Once I figured out my actual personality type, the enneagram started to make some sense. It was a slow process of gradually unraveling its meaning and complexity but it was very rewarding. I realize now that I am deeply passionate and inquisitive. I've always been odd. I've always been testing my boundaries. I've always been curious. Photographs of me as a two year old show my eyes wide and observant. I've always been so very curious that teachers loved me or hated me. 

I've also always been fiercely protective of the little ones which is indicative of type 8 motive. Type 8's are the protectors. We guard with ferocity the weak, down trodden, and helpless.
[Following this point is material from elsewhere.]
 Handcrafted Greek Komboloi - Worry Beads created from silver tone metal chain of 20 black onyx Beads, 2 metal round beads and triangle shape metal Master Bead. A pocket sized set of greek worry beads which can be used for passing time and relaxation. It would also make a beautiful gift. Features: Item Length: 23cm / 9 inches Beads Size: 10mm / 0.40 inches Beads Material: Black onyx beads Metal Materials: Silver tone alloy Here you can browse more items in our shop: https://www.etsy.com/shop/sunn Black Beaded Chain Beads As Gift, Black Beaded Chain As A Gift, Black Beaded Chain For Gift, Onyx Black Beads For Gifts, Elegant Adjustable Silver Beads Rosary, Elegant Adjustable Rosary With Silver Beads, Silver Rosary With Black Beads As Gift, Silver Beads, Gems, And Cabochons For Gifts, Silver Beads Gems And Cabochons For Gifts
I realize type 2's have that love for everyone and just want to help or whatever. But 8 is the same way. We want to protect our loved ones and protect the little ones. In a way, 8 is a more ethical version of 1. I don't pass judgement on people, I just call it how I see it. If you don't like what I say then it's how you're interpreting the information. And I don't really care about the perfect house. I just want it to be mine and if it's mine, don't fuck with it or I'll fuck with you. Hahaha.

8's want to be against. Combined with 5w6 and 4w5, I can be pretty defiant, unconventional, testing my limits, constantly. There are a lot of misconceptions about 8's, I don't think many people really understand us very well at all. The way 8's help people is different from 1 or 2, I don't want to help people just for the sake of helping. I want to protect the innocent. It's a kind of rightness that has nothing to do with a clean kitchen. It's just an instinct to protect the pure part of humanity from being destroyed, lost, or broken. 

They say 458's are the darkest type in the enneagram, especially if 4 or 5 leads. I might lead with 8 then because I have no idea what is supposed to be meant by dark. Sure, I've entertained the notion of evil. Sure, I've been told by others that some of the topics I was interested in were very dark. I've been told by crazy occult people I'm immensely powerful. I've heard insinuations that as a child my mother was frightened that I might turn into a psychopathic killer. While I think her fear is absolutely absurd, still I wonder--am I dark? Maybe I wouldn't know if I was. 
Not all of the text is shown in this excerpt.